Senior academics are to be taught to run their universities like entrepreneurs on a new higher education management course targeting future leaders of the academy.
The Entrepreneurial University Leadership Programme at the University of Oxford's Said Business School is aimed at pro vice-chancellors and deans of school, and is due to start in February 2010.
The year-long course, which costs £13,500 for four modules and a study visit, will be taught at Oxford and the University of Nottingham. If the first student cohort deems it a success, it will run annually.
Allan Gibb, emeritus professor at Durham University and co-director of the course, said the programme would help budding leaders think like entrepreneurs, preparing them to steer their universities through the turbulent waters ahead.
"When you look at what's happening internationally, universities are changing dramatically," he said. "What we want to do is give the leaders a clear notion of the concept (of entrepreneurship), how it's working around the world and develop them ... to lead on this at their universities."
A paper drawn up by the National Council for Graduate Entrepreneurship to guide the development of the course says the conflicting challenges facing higher education - including internationalisation, massification and a shortage of funds - require an entrepreneurial approach.
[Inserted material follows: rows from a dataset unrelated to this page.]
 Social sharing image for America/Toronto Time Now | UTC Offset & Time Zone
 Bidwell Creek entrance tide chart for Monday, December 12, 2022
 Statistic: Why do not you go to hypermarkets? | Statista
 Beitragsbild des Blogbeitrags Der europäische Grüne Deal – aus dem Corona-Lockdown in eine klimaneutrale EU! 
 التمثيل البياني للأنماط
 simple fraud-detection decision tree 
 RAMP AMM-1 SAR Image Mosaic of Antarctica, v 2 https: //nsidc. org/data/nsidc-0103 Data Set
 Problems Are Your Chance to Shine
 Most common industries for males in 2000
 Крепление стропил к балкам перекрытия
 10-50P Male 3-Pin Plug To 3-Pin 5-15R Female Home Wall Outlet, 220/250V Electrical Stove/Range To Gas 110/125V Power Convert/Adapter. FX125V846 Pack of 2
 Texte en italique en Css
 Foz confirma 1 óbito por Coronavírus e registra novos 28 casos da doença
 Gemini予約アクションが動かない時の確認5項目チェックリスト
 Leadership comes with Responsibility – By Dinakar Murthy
"A key challenge will be to create entrepreneurial role models within departments," it adds.
Ewart Wooldridge, chief executive of the Leadership Foundation for Higher Education, welcomed the programme, describing it as "very timely". He said its content would be very different from the "generic" training provided by the Leadership Foundation's management programme, which 70 per cent of newly appointed vice-chancellors complete.
However, others were more sceptical. Sir David Watson, professor of higher education management at the Institute of Education, University of London, said: "I have some fears about the entrepreneurial bubble bursting in relation to higher education management, unless it's given a very generous definition and one that's sympathetic to the irreducible public purposes of higher education."
Lewis Elton, honorary professor of higher education at University College London and visiting professor of higher education at the University of Gloucestershire, was more forthright. He said it was "absurd" that business methods of any kind should be applied to the academy. "Universities are not there to make money ... Academic activities require an academic approach, not a business approach."
He described the role of the vice-chancellor, the post that participants of the course will be aiming to fill, as "the first servant of a university, not its master. Improving efficiency is not the same as changing higher education. They should be more businesslike, not more like business."